- Born: Sri Lanka
- Education: University of British Columbia, University of Leicester, University of Moratuwa St. Aloysius' College, Galle
- Scientific career
- Fields: Computer science
- Workplaces: Sri Lanka Institute of Information Technology, University of British Columbia , University of Moratuwa

= Lalith Gamage =

Sri Lankan computer scientist

Lalith Gamage, MBCS, MIEE is a Sri Lankan academic. He is a professor, currently serving as the president and CEO of Sri Lanka Institute of Information Technology, a position he has held since the beginning of the institute in 1999. He has also served as the chairman of the Arthur C. Clarke Institute for Modern Technologies. As a leading Sri Lankan academic in the field of Computer Science, Prof Gamage has played an important role in the development of IT education, research and industry in Sri Lanka.

==Education and research==
Educated at St. Aloysius College, Galle, Gamage gained his BSc in Engineering from the University of Moratuwa after which he gained and MSc from the University of Leicester and a PhD from the University of British Columbia. His research areas include computer vision, computational intelligence and robotics. Gamage has published numerous research papers and has won a prestigious Japanese Space Agency research award.

==Academic career==
Joining University of Moratuwa as a lecturer Gamage went on to serve as a senior lecturer and the Director of the Computing Services Centre of the Moratuwa University. He has also served as a Council Member of the University of Moratuwa.

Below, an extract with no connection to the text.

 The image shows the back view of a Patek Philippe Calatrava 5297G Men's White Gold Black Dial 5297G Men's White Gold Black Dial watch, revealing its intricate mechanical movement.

In 1999 he played a prominent role in establishing Sri Lanka Institute of Information Technology (SLIIT) becoming its CEO and a senior lecturer, in 2003 he was made a Professor of SLIIT. Under his tenure SLIIT has become the largest technology institute in Sri Lanka, of which he is the current president.

Currently he also serves as a visiting professor at the Department of Mechanical Engineering, University of British Columbia and is attached to the Industrial Automation Group and is also an adjunct professor of the Curtin University.

Apart from his academic he has served the IT industry and the Government of Sri Lanka in many capacities. These include the Chairman of the ICT Cluster of the USAID sponsored competitiveness initiative, the executive director of Trade Information Network, Sri Lanka Export Development Board, and Chairman of the IT Task Force, Ministry of Enterprise Development, Industrial Policy, and Investment Promotion.

==Awards==
- The Outstanding Young Person award for his contribution towards academic development. - 2000
- Japanese Space Agency research award.